Re: [PATCH net-next v4] net: stmmac:fix system hang when setting up tag_8021q VLAN for DSA ports

From: Vladimir Oltean
Date: Thu Apr 13 2023 - 13:41:41 EST


On Thu, Apr 13, 2023 at 10:15:55AM -0700, Florian Fainelli wrote:
> On 4/13/23 10:07, Jacob Keller wrote:
> > On 4/13/2023 8:06 AM, Yan Wang wrote:
> > > The system hang because of dsa_tag_8021q_port_setup()->
> > > stmmac_vlan_rx_add_vid().
> > >
> > > I found in stmmac_drv_probe() that cailing pm_runtime_put()
> > > disabled the clock.
> > >
> > > First, when the kernel is compiled with CONFIG_PM=y,The stmmac's
> > > resume/suspend is active.
> > >
> > > Secondly,stmmac as DSA master,the dsa_tag_8021q_port_setup() function
> > > will callback stmmac_vlan_rx_add_vid when DSA dirver starts. However,
> > > The system is hanged for the stmmac_vlan_rx_add_vid() accesses its
> > > registers after stmmac's clock is closed.
> > >
> > > I would suggest adding the pm_runtime_resume_and_get() to the
> > > stmmac_vlan_rx_add_vid().This guarantees that resuming clock output
> > > while in use.
> > >
> > > Signed-off-by: Yan Wang <rk.code@xxxxxxxxxxx>
> >
> > This looks identical to the net fix you posted at [1]. I don't think we
> > need both?
> >
> > [1]:
> > https://lore.kernel.org/netdev/KL1PR01MB5448020DE191340AE64530B0E6989@xxxxxxxxxxxxxxxxxxxxxxxxxxxxxxxxxxxxxxxxxxxx/
>
> Unfortunately both still lack a proper Fixes: tag, and this is bug fix.
> --
> Florian
>

I guess that would be:

Fixes: 5ec55823438e ("net: stmmac: add clocks management for gmac driver")

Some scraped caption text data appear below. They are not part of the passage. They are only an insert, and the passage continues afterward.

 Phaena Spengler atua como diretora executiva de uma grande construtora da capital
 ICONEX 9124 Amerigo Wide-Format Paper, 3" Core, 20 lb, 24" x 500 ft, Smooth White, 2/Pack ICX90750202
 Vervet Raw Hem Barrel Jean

although in this case, that would be only part of the story. That commit
split the runtime PM handling between stmmac_vlan_rx_add_vid() and
stmmac_vlan_rx_kill_vid() in a strange way, where an added VLAN RX
filter takes a refcount on the device, and a deleted filter one drops
the refcount.

That is... strange?! but it worked in a way, I guess.

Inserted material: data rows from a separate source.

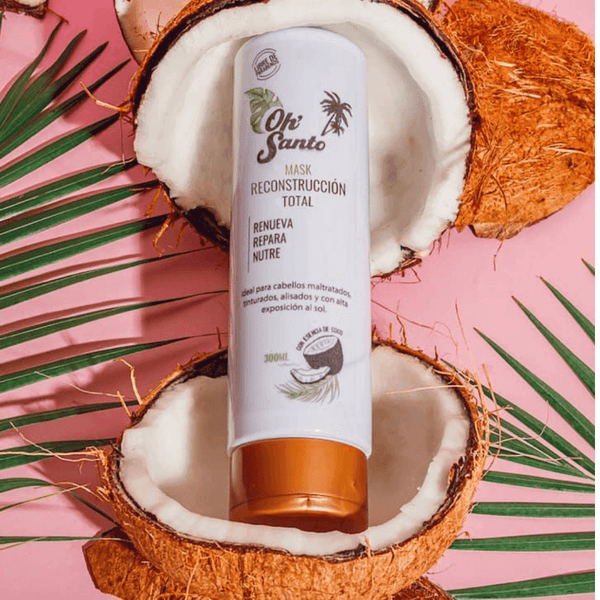 Mascarilla de Reconstrucción Capilar Oh Santo 300ml - Lunaurea | Skincare, Maquillaje, Cosméticos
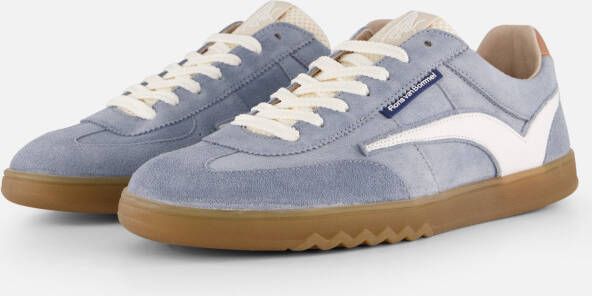 Floris van Bommel De Zaler Sneakers blauw Leer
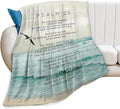 Christian Bible Psalm 23 Throw Blanket - Religious Verse Gifts and Decor for Girls, Women, Men, Kids, Adults - Soft Warm Cozy Fleece for Couch, Sofa, Bed 50"x40"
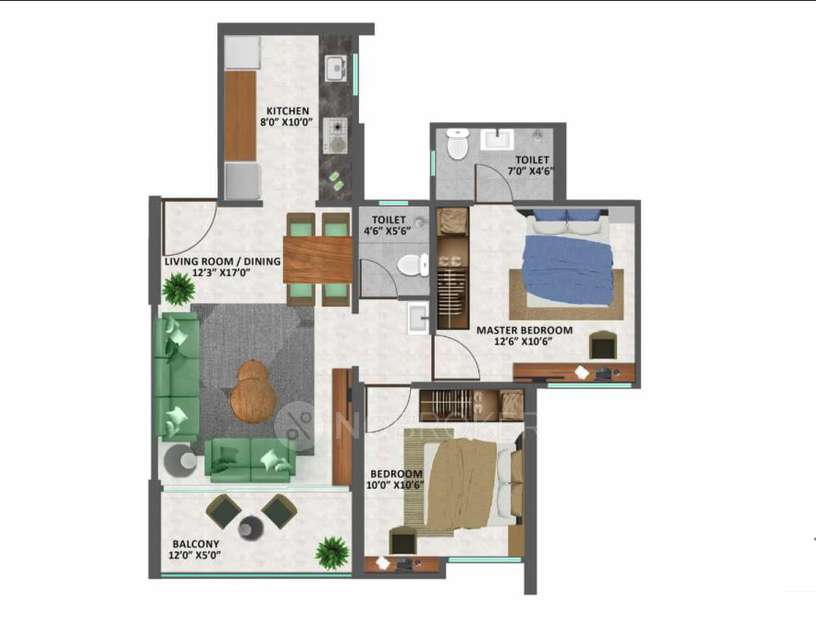 3 BHK Flat In Kumar Codename Lighthouse For Sale  In Handewadi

Then commit b3dcb3127786 ("net: stmmac: correct clocks enabled in
stmmac_vlan_rx_kill_vid()") came a few months later and blamed that
oddity on a bad merge conflict resolution... ?! Basically, from what I
can tell, it's this later commit the one that broke things, for using
runtime PM only for stmmac_vlan_rx_kill_vid() but not for stmmac_vlan_rx_add_vid().